> **Prompt**
With the images removed, write out each record exactly as given.

> **Data provided**
---------------

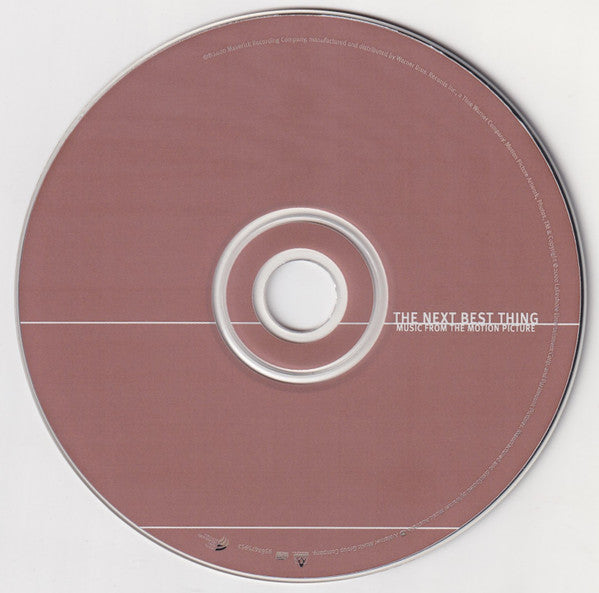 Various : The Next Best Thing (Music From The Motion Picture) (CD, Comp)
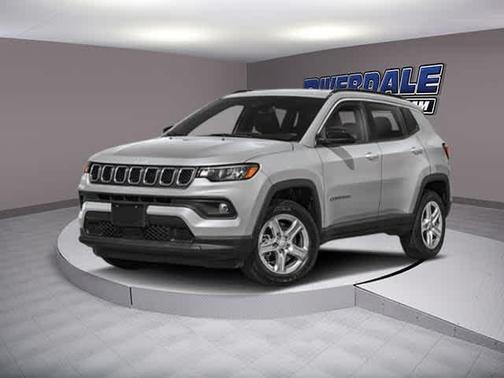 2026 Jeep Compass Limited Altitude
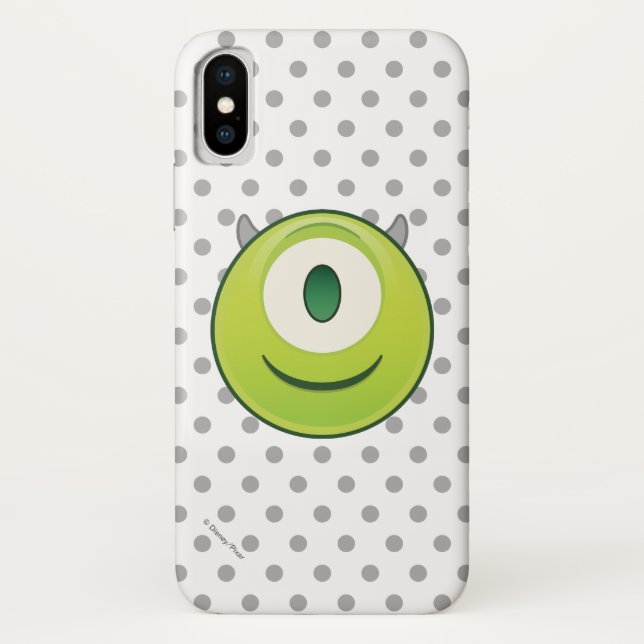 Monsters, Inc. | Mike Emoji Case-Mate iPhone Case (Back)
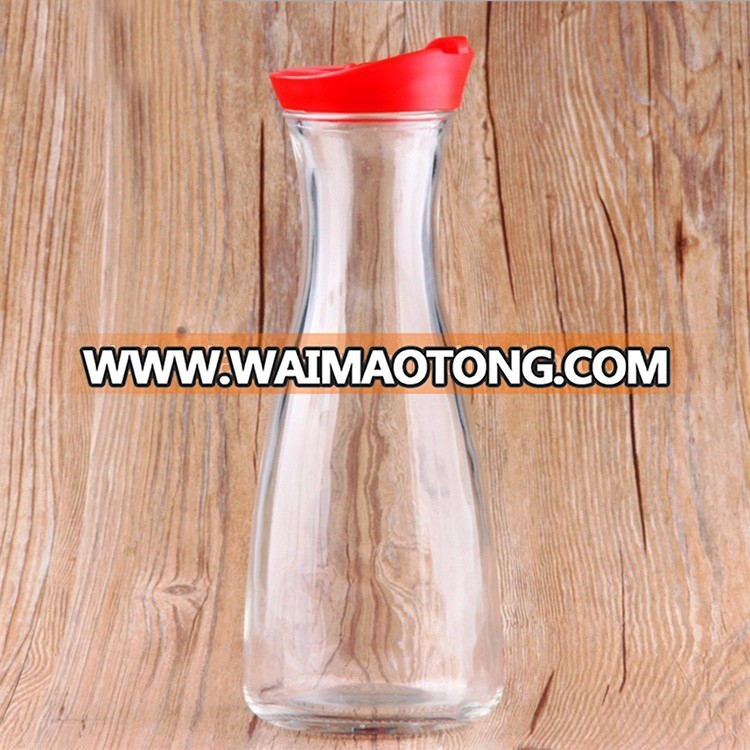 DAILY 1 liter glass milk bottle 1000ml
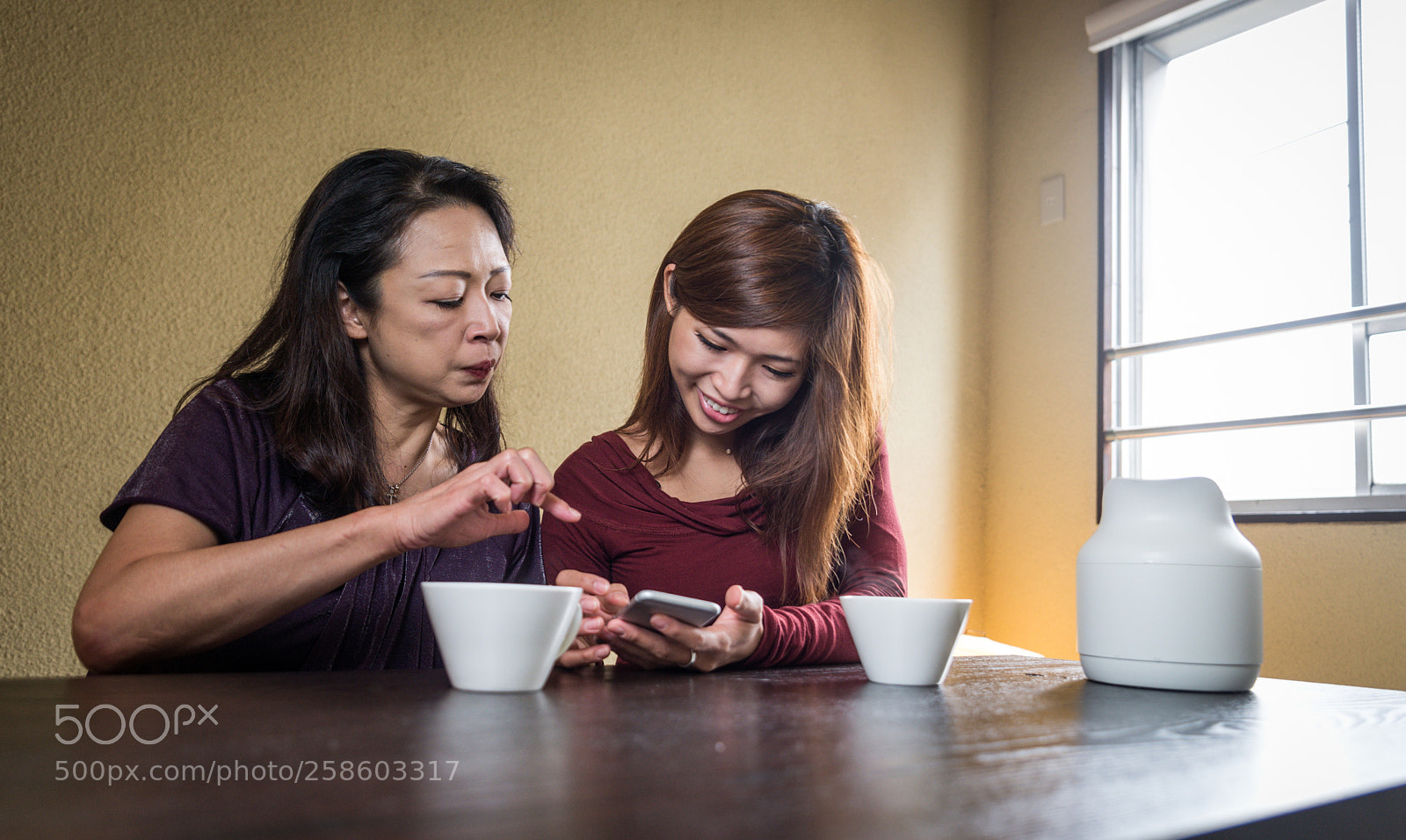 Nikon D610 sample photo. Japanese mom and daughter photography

---------------

> **Answer area**
 Various : The Next Best Thing (Music From The Motion Picture) (CD, Comp)
 2026 Jeep Compass Limited Altitude
 Monsters, Inc. | Mike Emoji Case-Mate iPhone Case (Back)
 DAILY 1 liter glass milk bottle 1000ml
 Nikon D610 sample photo. Japanese mom and daughter photography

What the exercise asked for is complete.